A scientist resides at the vertex of the trihedral trirectangle, which serves as his observatory of the whole cosmos. This system of reference remains motionless, all while its reference points are being used. But recall that we have done away with the ether. That means his system of reference is the standard one only because we have arbitrarily decided that it is motionless in relation to the others. We just as easily could have selected some other system and called it motionless, which would make the scientist's one the system that is in motion. Now, we are saying that the second system is not in motion, but the first one is in motion. We could then if we wished selected a third system, and called it motionless. That would make both the first and the second one now have motion, in relation to the motionless third one. However, Bergson says that we can conceive of the second one as being in motion even without positing a third motionless system. [Perhaps this requires that for one instant we see the first system as immobile and thus the second as mobile. Then in the next instant we see the second system as immobile and thus the first as mobile. Through these tiny but rapid steps, both systems can be conceived as having motion. Bergson writes, ] "It is true that this second system can in turn be mentally set in motion without thought necessarily electing to settle in a third system. But in that case it oscillates between the two, immobilizing them by turns through goings and comings so rapid that it entertains the illusion of leaving them both in motion. It is in this precise sense that we shall speak of a 'system of reference' " (27b). "Mais alors elle oscille entre les deux, les immobilisant tour à tour par des allées et venues si rapides qu'elle peut se donner l'illusion de les laisser en mouvement l'un et l'autre. C'est dans ce sens précis que nous parlerons d'un « système de référence »." (50).

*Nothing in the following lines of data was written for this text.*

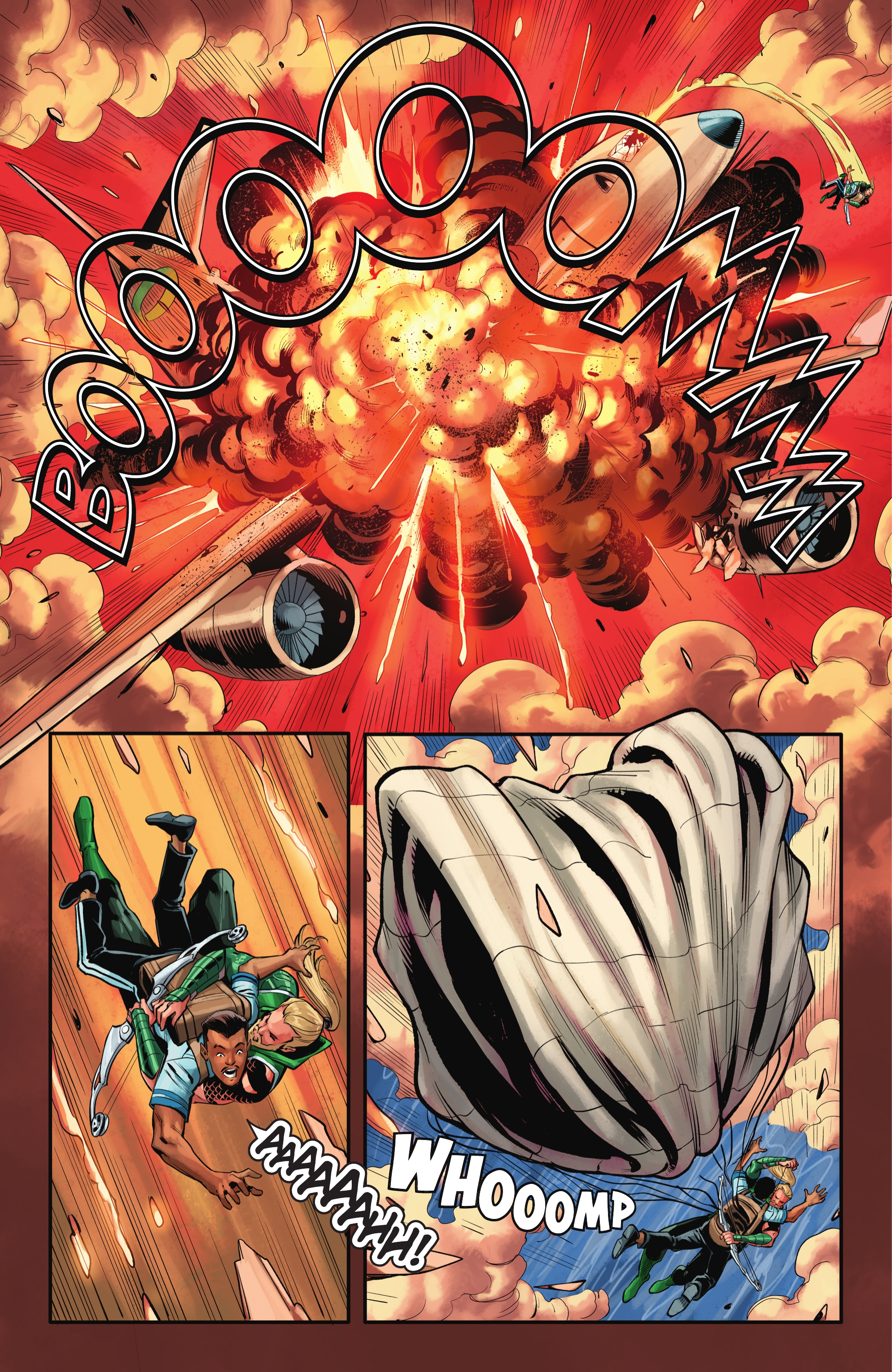 Read online Aquaman/Green Arrow - Deep Target comic -  Issue #2 - 17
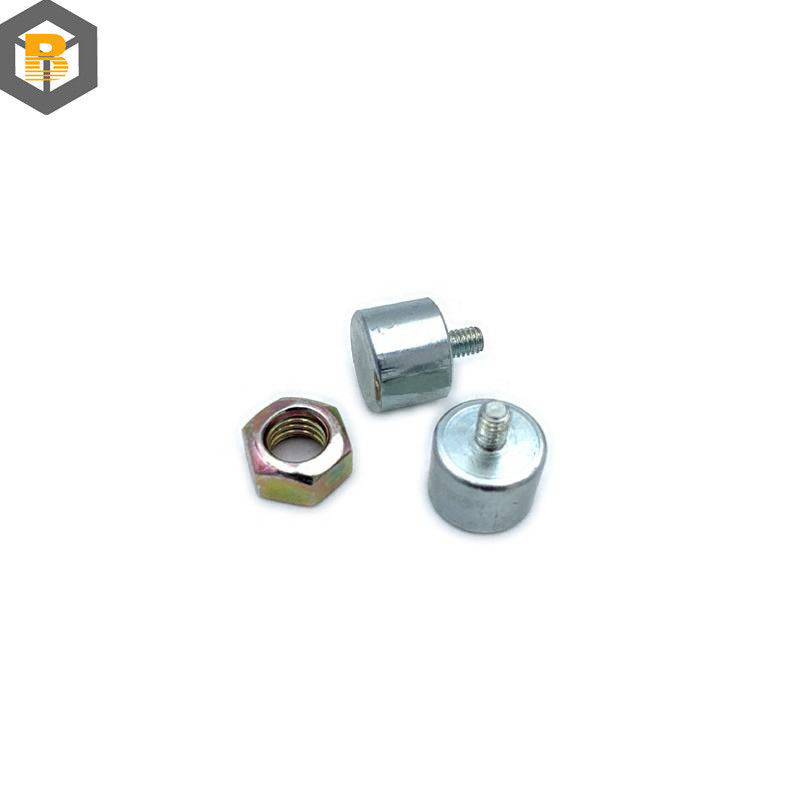 Custom by 2D/3D Drawing CNC Machining Steel Fabrication Metal Parts for OEM Spare Part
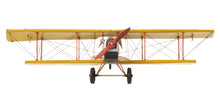 Load image into Gallery viewer, Yellow Curtis Jenny Plane 1:18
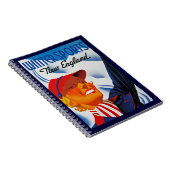 ニューイングランドのウィンタースポーツ ノートブック (右側)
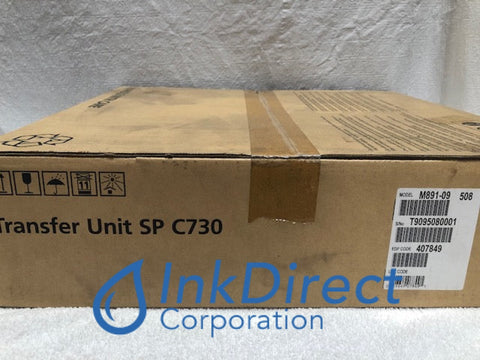 Genuine Ricoh 407849 407153 SP C730 Transfer Unit Transfer Kit , Ricoh   -   SP C730DN,
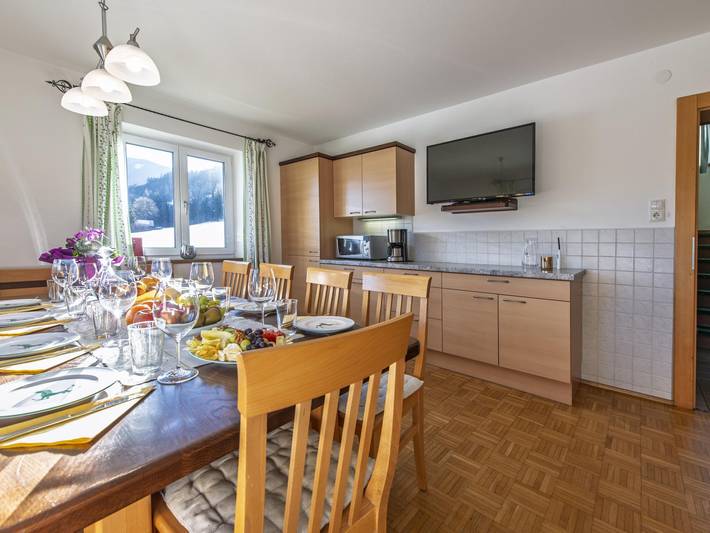 Ferienhaus im Salzburger Land mit Top-Aussicht in Hüttau, Ski Amadé
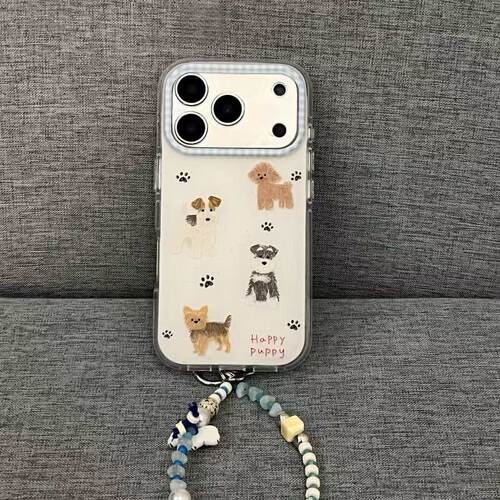卡通爪印狗狗适用OPPOA6pro手机保护壳女A5A2A1活力版简约A97/A95/A93全包A58x/A72/A56防摔K13turbo保护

§31 The Ground is Constant

Now consider the events on earth for example. Many events transpire on and below its surface. But we consider all together as though they were part of a stable system of reference, the earth. Bergson calls such a system a "constant system" or just simply "system." This term applies to "every group of points which retain the same relative positions and which are therefore motionless with respect to one another" (27).

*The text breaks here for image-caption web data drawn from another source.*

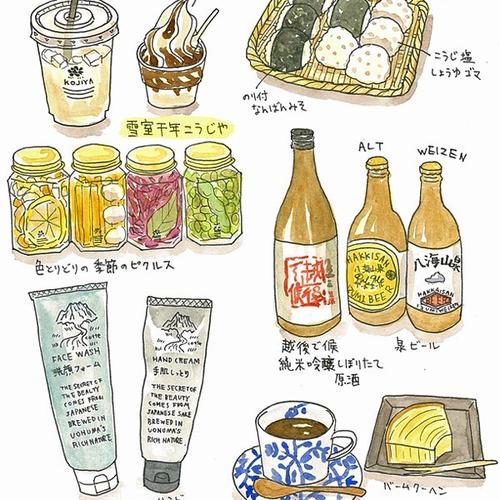 美食手帐素材 ins:tamytamy2015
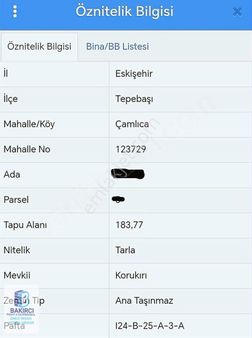 Bakırcı İnşaat & Gym.'den Çamlıca Mah.ulusal Egemenlik Yanı Arsa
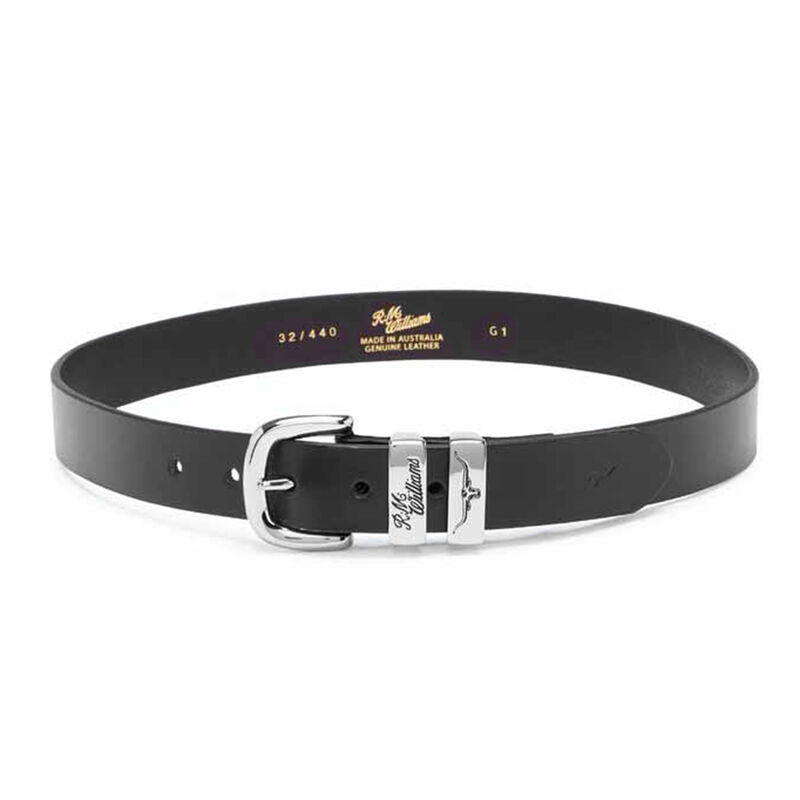 R.M. Williams Slim Drover Belt 1 1/4" image number 3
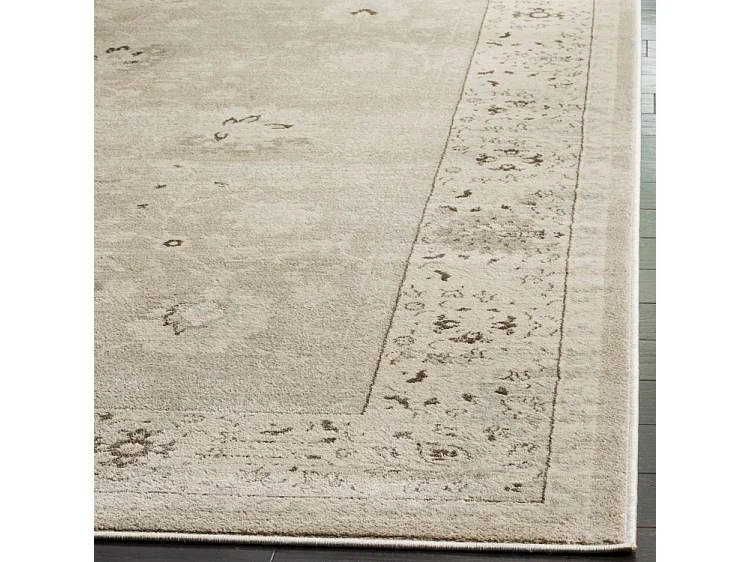 Tapis Gris/Neutre 155 X 231 cm - Bordeaux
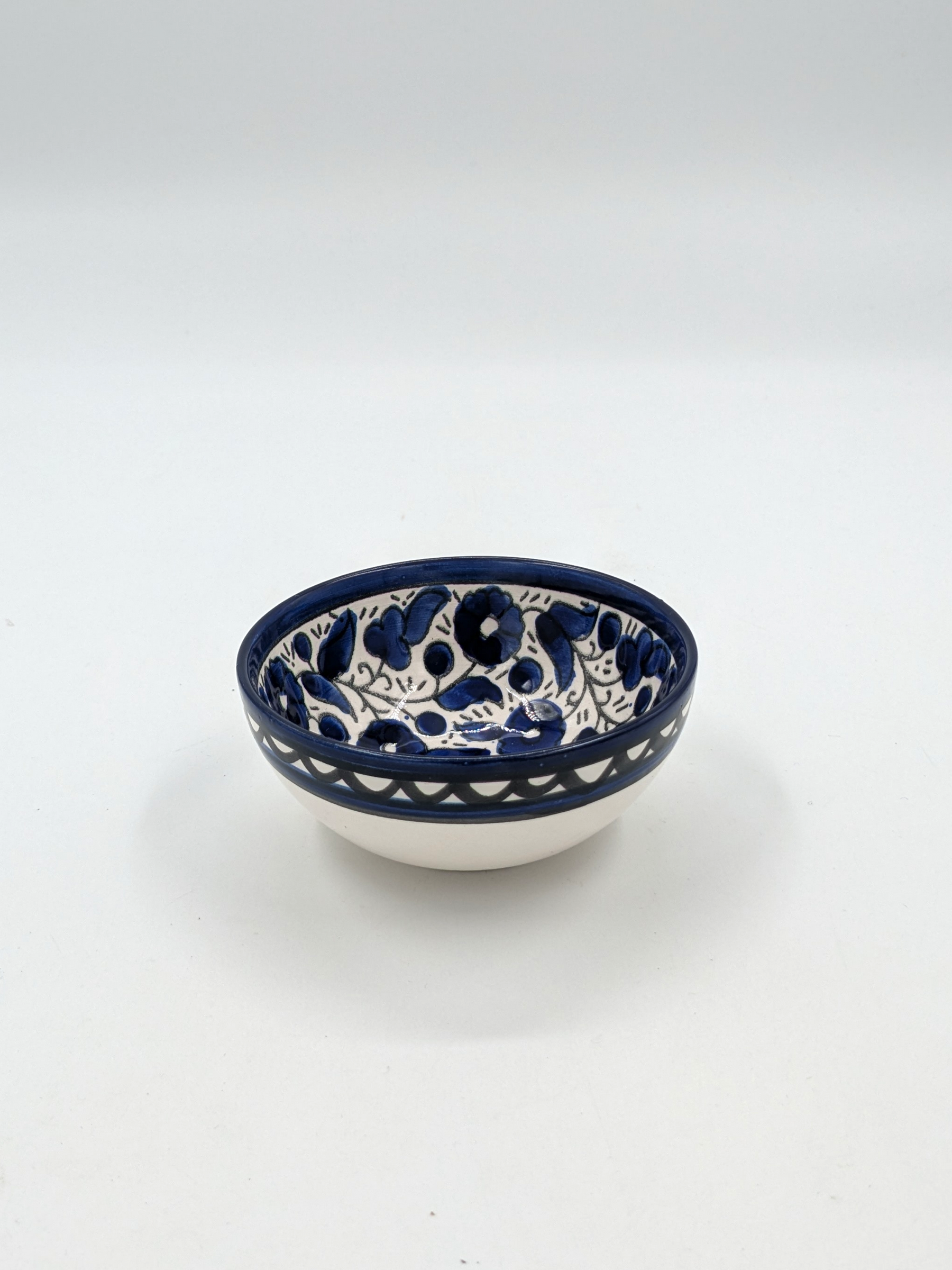 Cuenco 9 cm - azul real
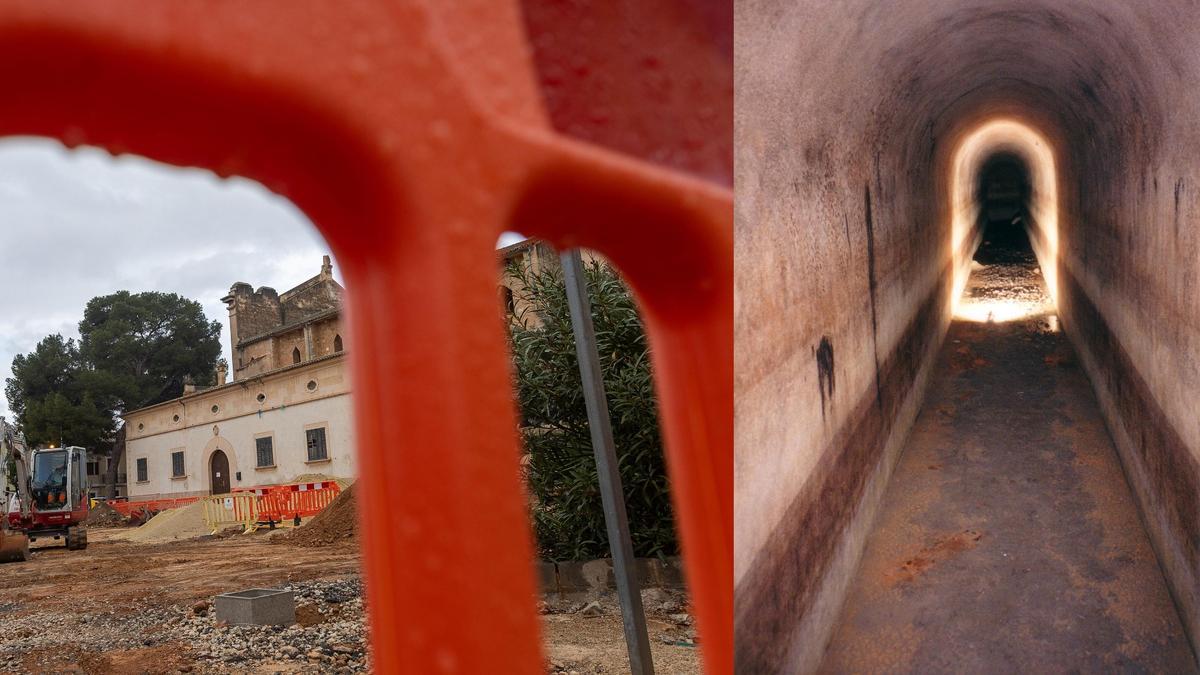 El búnker que los vecinos construyeron con sus manos en la Guerra Civil: la sorpresa oculta 80 años y destapada por unas obras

§32 Our Freedom to Be Fixed in One Place

It is possible that a constant system can serve as a system of reference. This happens when we arbitrarily designate one as such. The reference system will have its trihedral vertex.

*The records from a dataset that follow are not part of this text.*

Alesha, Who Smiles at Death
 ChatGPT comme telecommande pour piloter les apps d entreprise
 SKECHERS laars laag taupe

§32 If Everything is in Relative Motion, then Everything is Motionless

[Now, let's imagine that we have many moving systems, with one system of reference. If we extend that one system out indefinitely, it will engulf all the rest, hence placing everything in the same motionless system of reference.] Consider if we could have a clock at every point in space. Each one would be its own vertex of the trihedral. Hence, writes Bergson, "the transition from 'system' to 'system of reference' will be continuous if we take the position of the theory of relativity" (27).

§33 Let's Move On Now

Our previous efforts to define our terms will allow us to further evaluate Einstein's theory.

Bergson, Henri. Duration and Simultaneity. Ed. Robin Durie. Transl. Mark Lewis and Robin Durie. Manchester: Clinamen Press, 1999.